One of the nominees is Brian Egan, the current NSC Legal Adviser who was nominated in September 2014 to be the Legal Adviser to the State Department. The position of State Department Legal Adviser has been vacant for nearly three years, the longest vacancy in history. Although I admit to a certain bias, the position is important both internationally and inside the U.S. Government, especially at this time. The Legal Adviser is the senior international lawyer for the U.S. Government. The Legal Adviser works especially closely with senior officials of other countries on counter-terrorism issues and helps resolve legal impasses in international cooperation. As I have explained before, the Legal Adviser is also the voice of the U.S. Government on international law; the Legal Adviser can authoritatively call out other countries (such as Russia and China) on international law violations, and can explain and defend sometimes controversial U.S. actions (such as the use of drones or detention of terror suspects without trial).
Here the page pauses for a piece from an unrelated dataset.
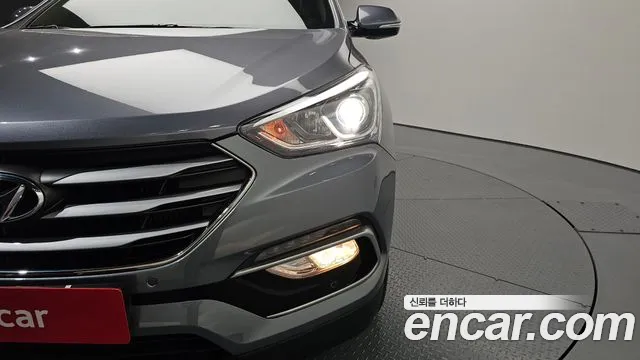 Hyundai Santafe 2017 — фото 8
Brian Egan -- who had the misfortune to work for me for four years -- is especially well-qualified to be Legal Adviser. He is a non-political career lawyer who has served in the State Department, the Treasury Department, and the National Security Council. Having also served as NSC Legal Adviser before becoming State Department Legal Adviser, I can say that Brian comes extremely well-prepared for the position at the State Department. He has spent as much time on counter-terrorism issues as any senior lawyer in the Executive branch. He knows the law, the issues, the players, and the governmental processes.

Given my prior service in the White House, Senate Democrats could have chosen to block my confirmation in 2005 but, after a brief delay, they chose not to do so. Senate Republicans should now put politics aside and confirm Brian Egan, and other important nominees, without further delay.